- _DATA IN THIS EXERCISE_:
Start of Block

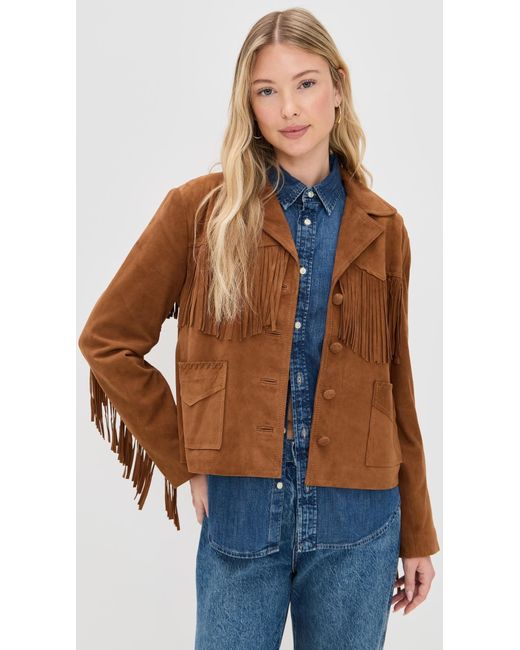 Xirena Blue Bronco Suede Jacket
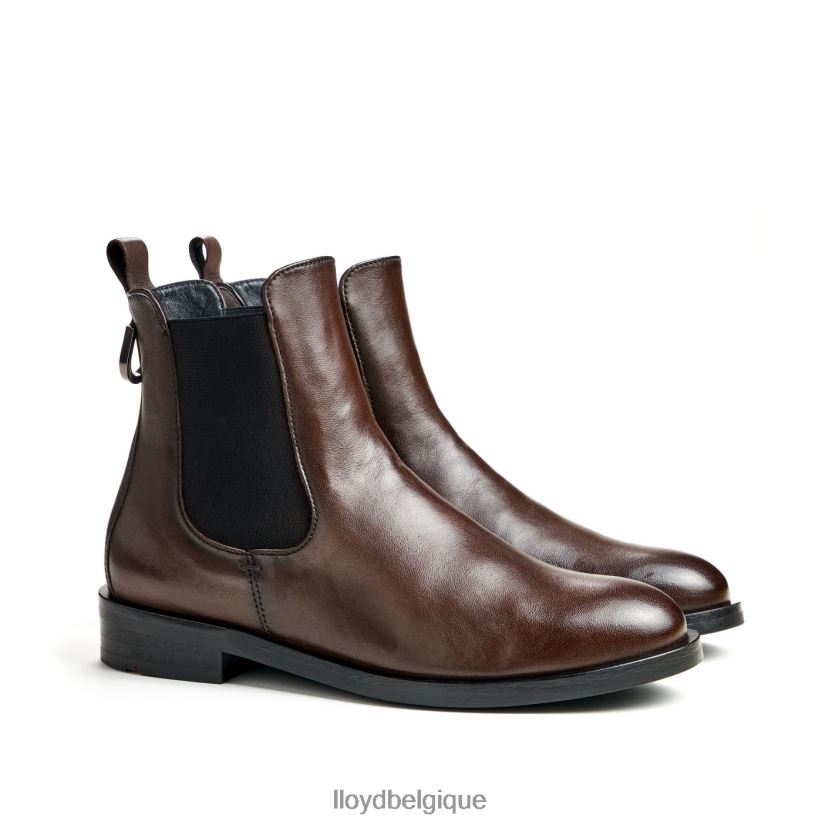 LLOYD bottine en cuir lisse à la mode femmes brun 4Z6Z66897 chaussures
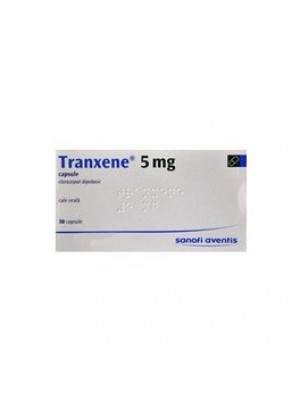TRANXENE 5 mg. 30 capsules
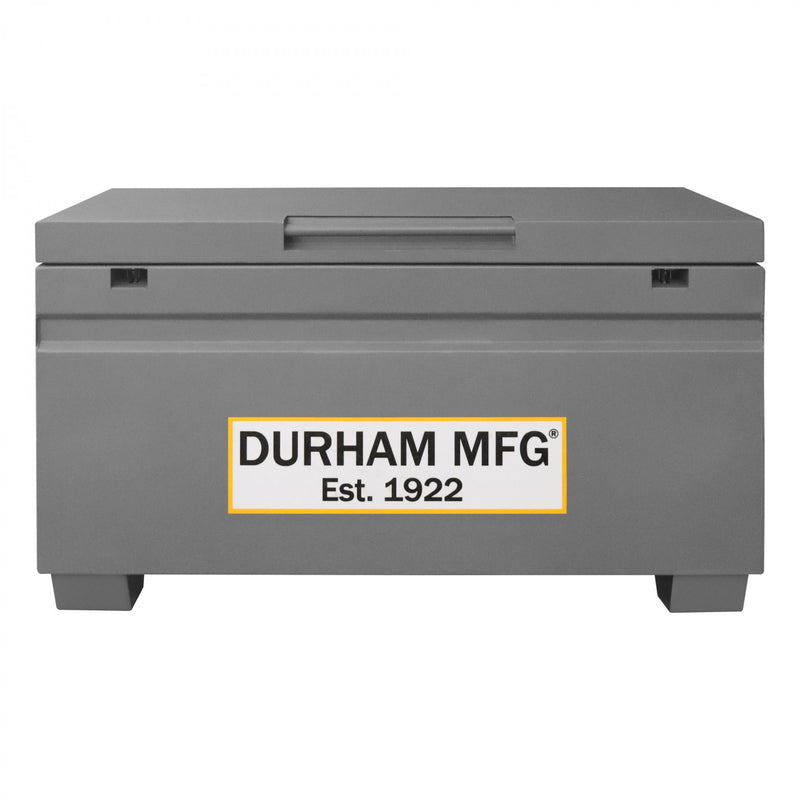 Durham Jobsite Storage Box, 16 Cu. Ft., 14 Gauge Steel, 48 X 24 X 27-13/16, Gray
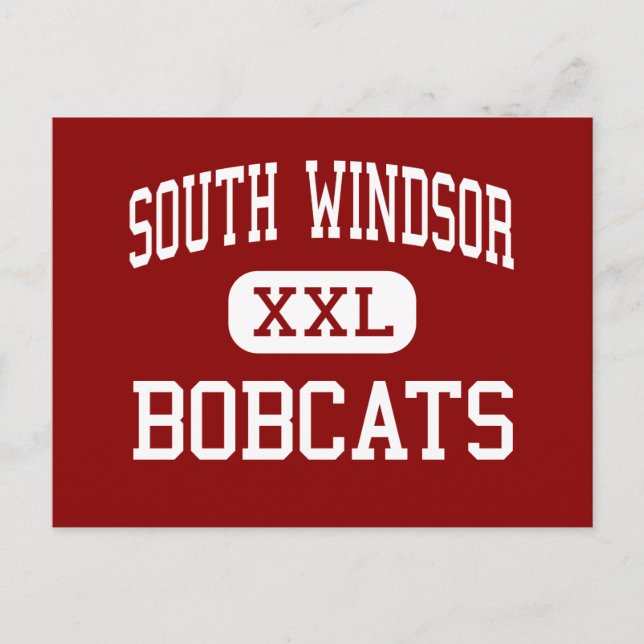 South Windsor - Bobcat - High - South Windsor Vykort (Framsida)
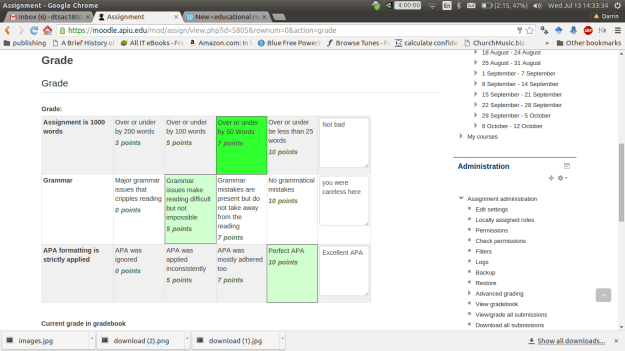 Creating Rubrics In Moodle Educational Research Techniques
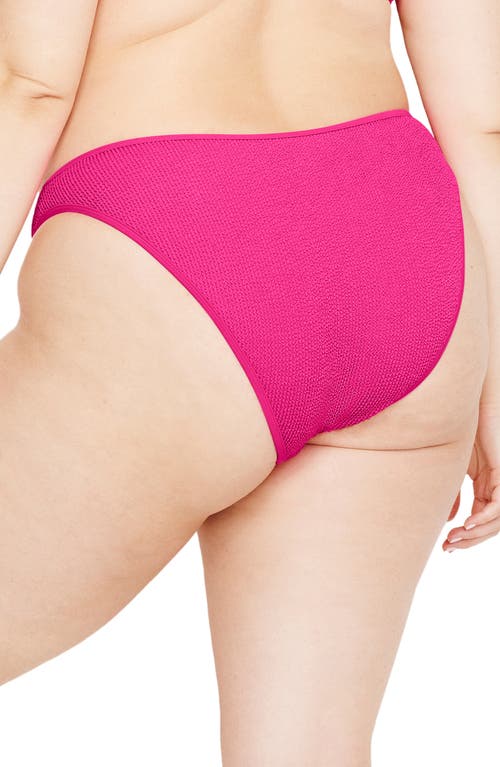 Shop Good American Always Fits Bikini Bottoms In Pink Glow002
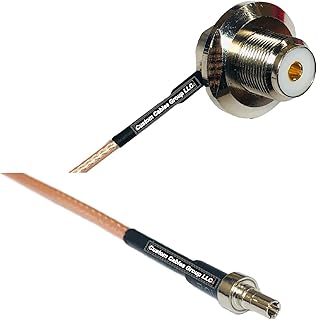 0.5 feet RG316 UHF Female Angle Bulkhead to CRC9 Male RF Pigtail Coaxial Cable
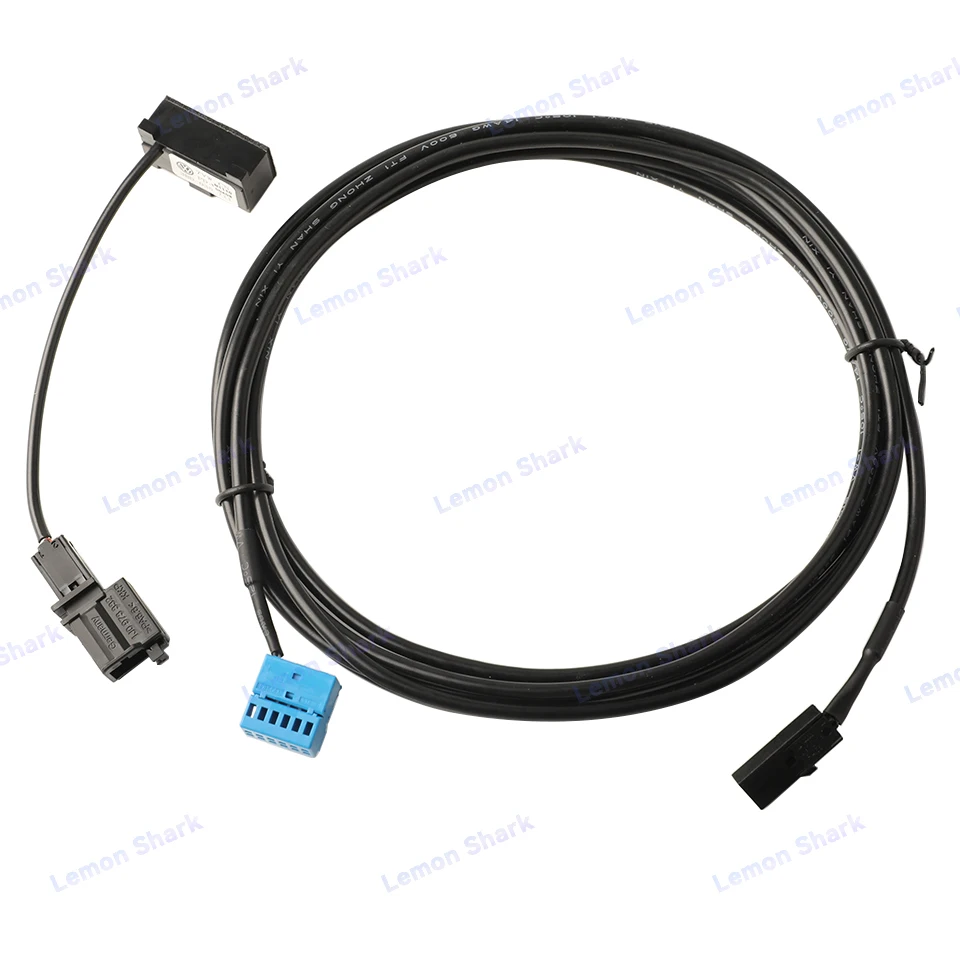 For VW MQB PQ Plug MIB Radio for Audi A4 A6 CD Player Bluetooth Wire Headunits Microphone Harness Cable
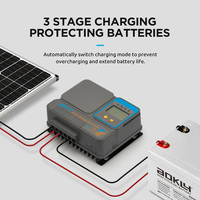 Contrôleur de charge solaire intelligent MPPT 40A 12/24V pour usage domestique et en camping-car, prend en charge la personnalisation OEM ODM et la vente en gros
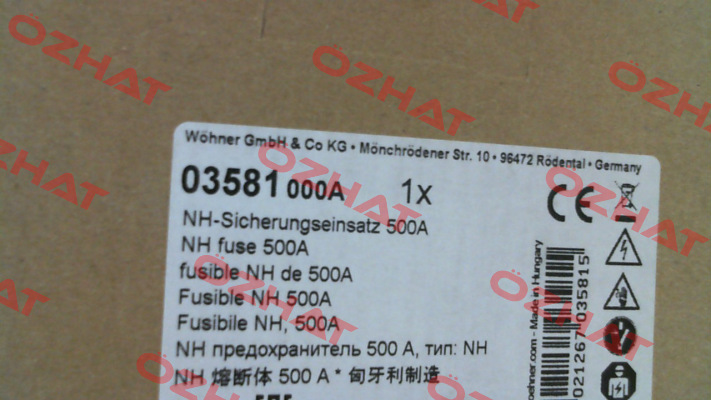 03581 Wöhner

End of Block

- _WHAT THE TASK REQUIRES_: Repeat exactly the lines from the start of the entries down to the line with "Creating Rubrics In", keeping both ends but none of the pictures.

- _REPLY_:
 Xirena Blue Bronco Suede Jacket
 LLOYD bottine en cuir lisse à la mode femmes brun 4Z6Z66897 chaussures
TRANXENE 5 mg. 30 capsules
 Durham Jobsite Storage Box, 16 Cu. Ft., 14 Gauge Steel, 48 X 24 X 27-13/16, Gray
 South Windsor - Bobcat - High - South Windsor Vykort (Framsida)
 Creating Rubrics In Moodle Educational Research Techniques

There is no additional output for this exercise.